For this final project, you will create a customizable search engine that builds off all of your previous projects. Your project will use multi-threading, an inverted index, servlets, sockets, cookies, Jetty, HTTP, HTML, JDBC, and SQL. Examples will be shown in class.
You should still meet the functionality requirements of the previous projects, except that you should only output the files invertedindex.txt and searchresults.txt if the -i and -q flags are provided. Instead, your primary output will be HTML pages returned by your Jetty web server.
You must create a Java application that crawls a specified seed web page, builds an inverted index, and starts a search engine for a website that provides weighed partial search capability, authenticates users, and maintains a history of each user's prior searches. See your previous projects for details on the required web crawler functionality, weighted partial search functionality, and inverted index functionality.
Regarding the search engine functionality of this project, you must implement several core features worth 60 points, plus several additional features worth 40 points, for a total of 100 points plus possible extra credit. The core and additional features are discussed next.
You must implement several core features worth a total of 60 points. The core features are:
Search (20 points): Your web application should display a webpage with a text box where users may enter a search query, and a button that submits the query to your search engine. Your search engine should perform a partial search from an inverted index generated by your web crawler, and return an HTML page with sorted links to the search results.
User Registration (10 points): Your web application should allow users to register an account with your search engine. Your application should store, at a minimum, the username and password of that user in a mySQL database.
User Login/Logout (10 points): Your web application should allow a user to login using a username and password. Once a user has logged into your web application, your application should track the user's session using cookies.
Search History (10 points): Once a user has logged on to your search engine, your web application should store a history of all search queries entered by that user in a mySQL database.

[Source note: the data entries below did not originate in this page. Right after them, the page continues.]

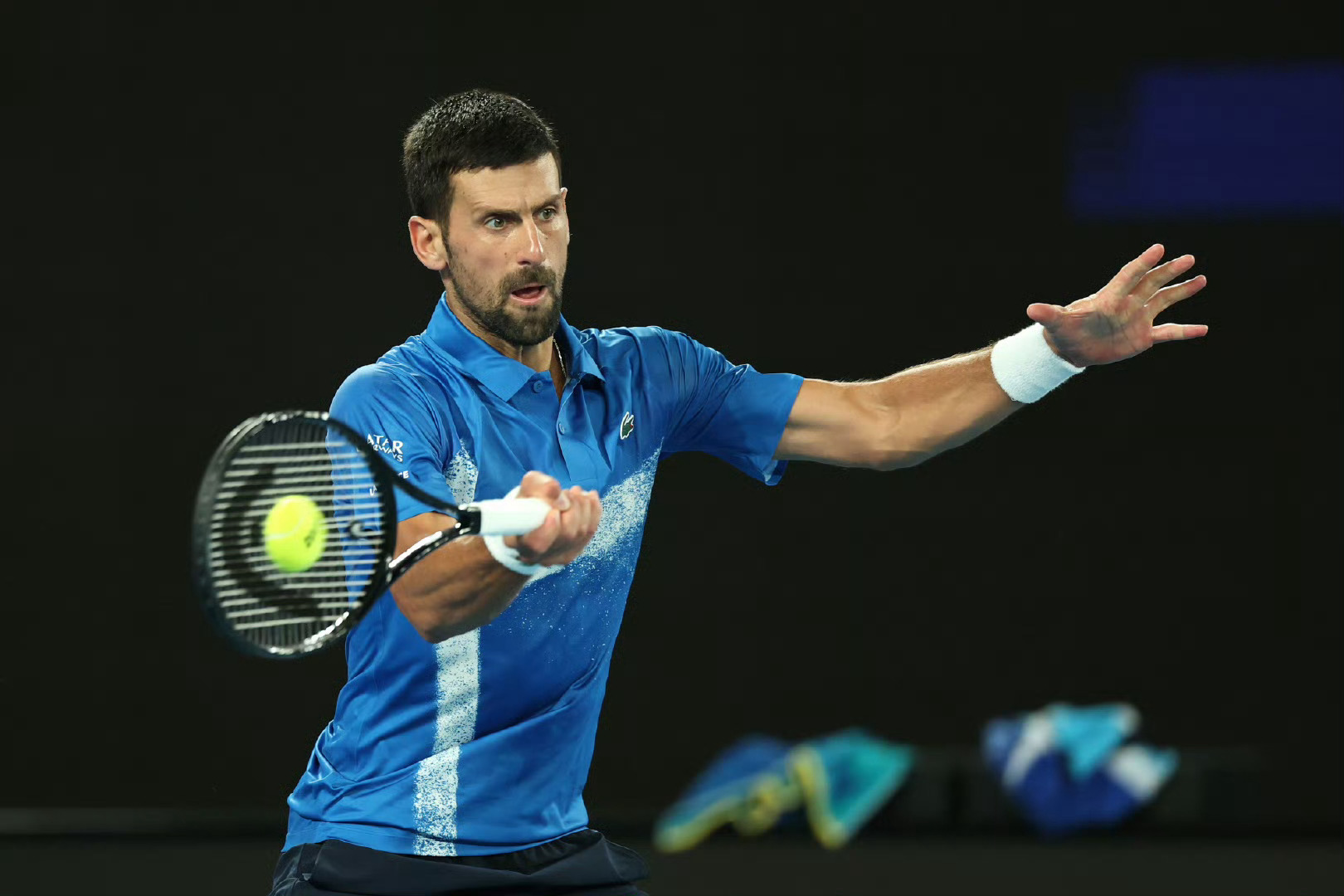 包含英国网球队强势美国网球队，德约科维奇打破历史纪录的词条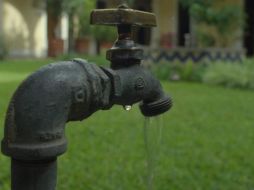 Los vecinos expresaron su frustración y plantearon sus demandas en busca de una solución definitiva al problema del agua. EL INFORMADOR / ARCHIVO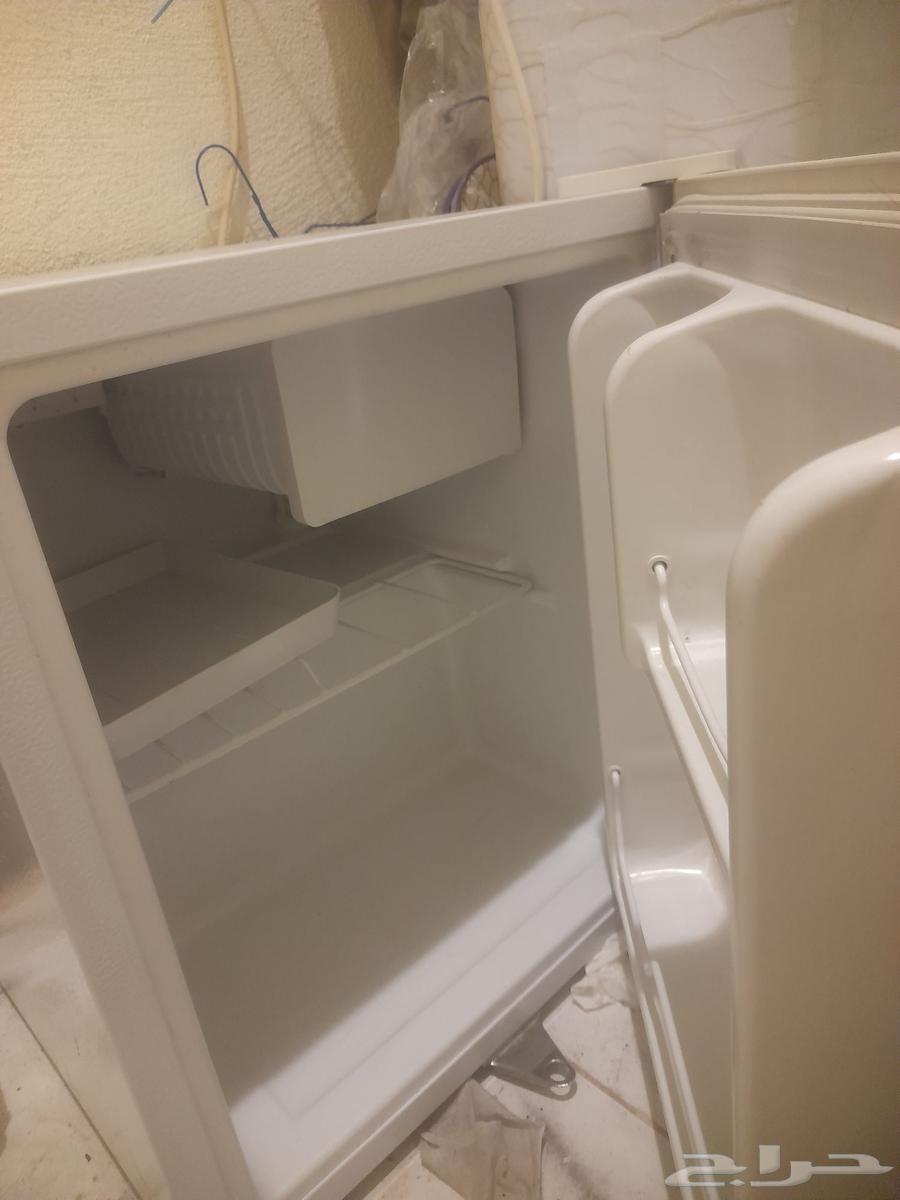 عندي ثلاجه البيع64488421925378111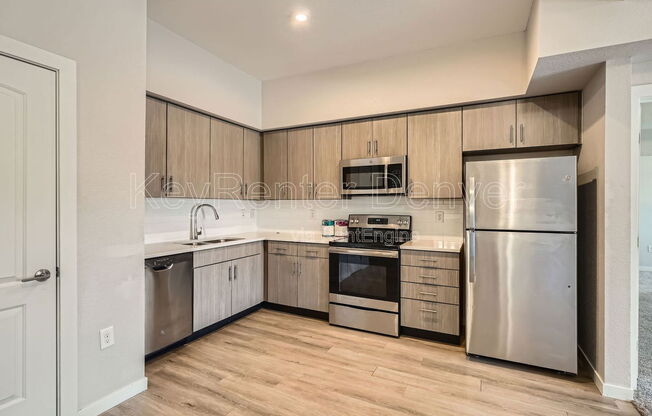 1 bed, 1 bath, 658 sqft, $1,300, Unit 104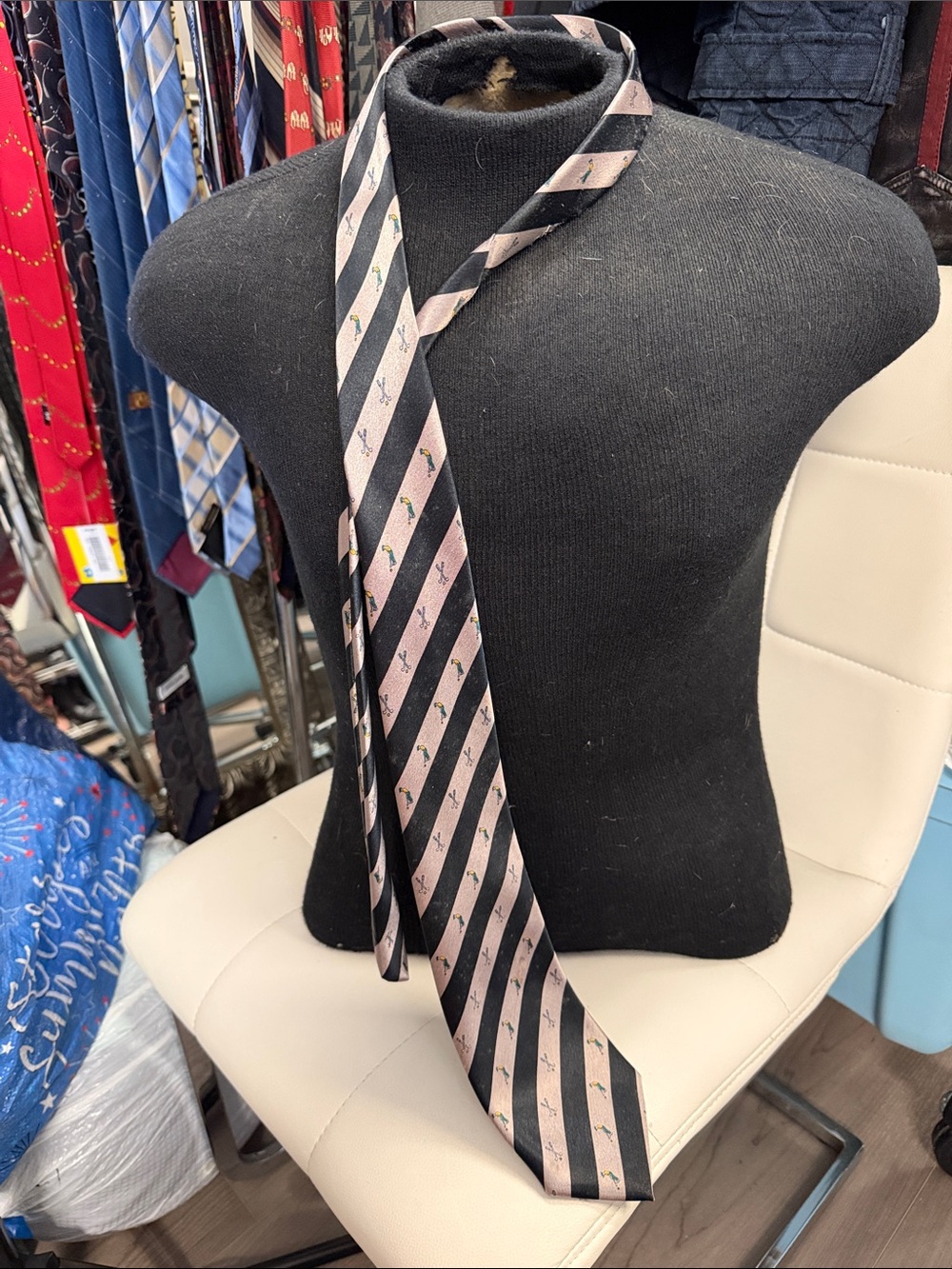 Striped Black and GrayMen's Silk Tie Golf motif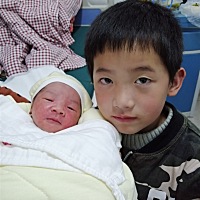 4月13号下午5点27分，诞生男宝一枚。体重4斤7两，宝宝生下来很瘦。但是很健康。大宝生下来的时候，4...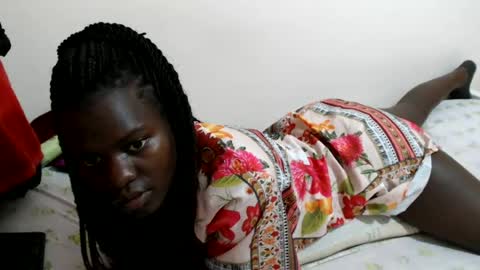 Snapshot of chichie_ chatting on June 13, 11:46 pm chichie_ online show from June 13, 11:46 pm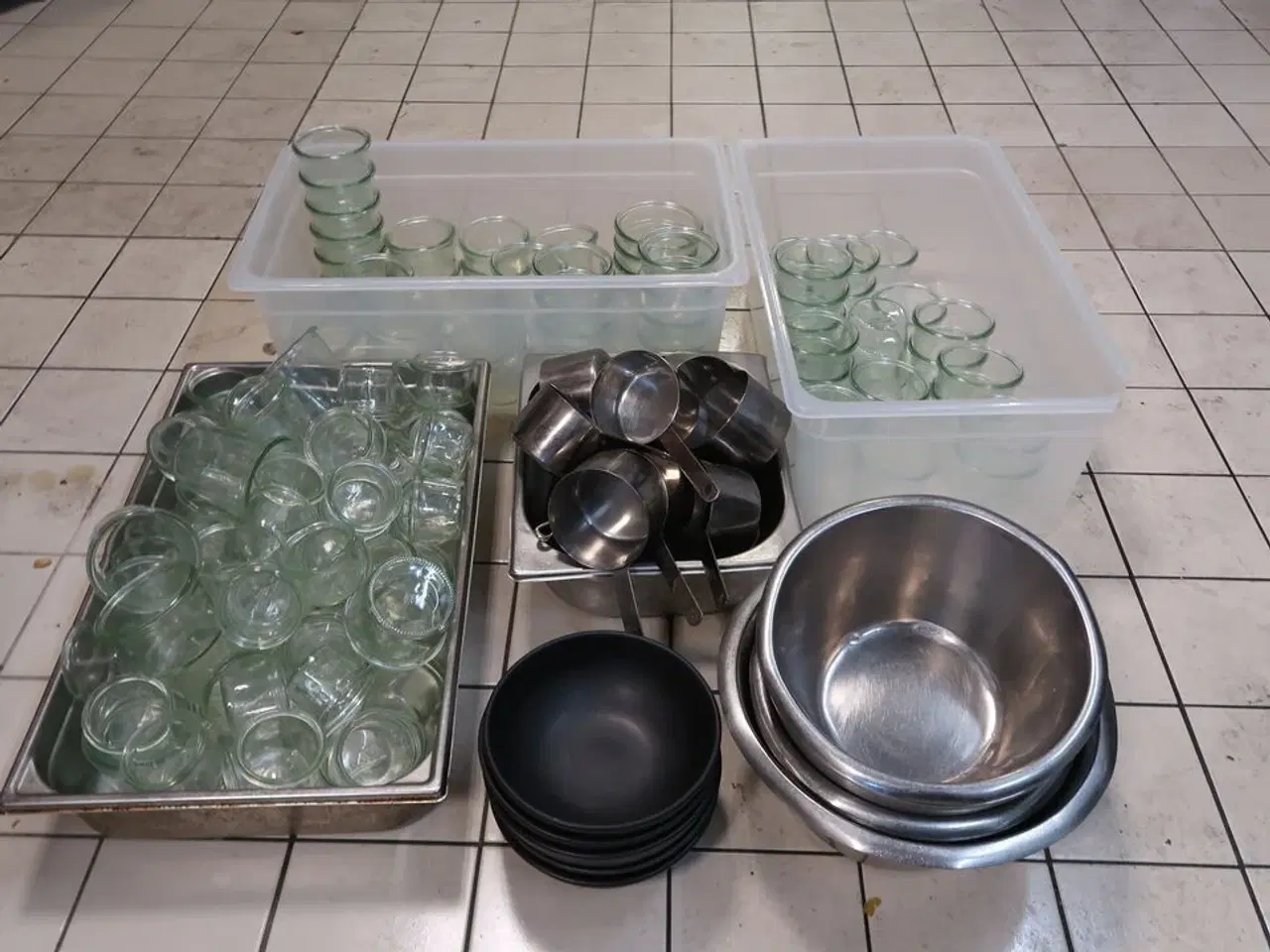 Billede 1 - Parti køkkenservice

Your application should allow a user to view his/her search history.
Account Maintenance (10 points): Your web application should allow a user to change his/her password, and clear his/her search history.
You should not begin working on any additional features until you have the core functionality working properly.
You must implement at a minimum 40 points worth of additional features. These features include:
Page Snippet (15 points): In the search results returned by your search engine, your application could display a snippet of the search result page. A snippet usually consists of 2-3 lines from the web page. For performance reasons, these snippets should be stored in a mySQL database when the page is crawled.
Visited Pages (15 points): In addition to tracking a user's search history, you may also store which result pages have been visited by that user. This requires your web application to provide result links that direct back to your application, so that you may first store that the link was visited and then redirect the user to that link.
Administrator Interface: In additional to account maintenance, provide an administrator interface. In this interface implement one (or both) of the following:
New Crawl (10 points): Allow the administrator to enter a new seed URL to crawl. The results should be added to your inverted index (not replace the already existing results).
Server Shutdown (10 points): Allow the administrator to gracefully shutdown the web server.
Suggested Queries (10 points): Provide five suggested queries for the user based on how many results a particular word has in your inverted index. For example, if your seed is a news website, it is likely the suggested queries will relate to the major news of that day.
Sophisticated Search Sorting (10 points): Implement a more sophisticated method of sorting search results. To earn full points for this feature, your method of weighting search results must be more sophisticated than the one required by the partial search project. For example, weight pages that have all query words higher, or that have the words appearing consecutively higher.
Result Comments (10 points): Allow users to add a comment to search results, and display these comments whenever the result is displayed.
Favorite Searches (10 points): Allow users to save favorite searches or favorite links.
Password Reset (10 points): Save the answers to different "security questions" when a user registers, and allow the user to answer those questions to reset the password.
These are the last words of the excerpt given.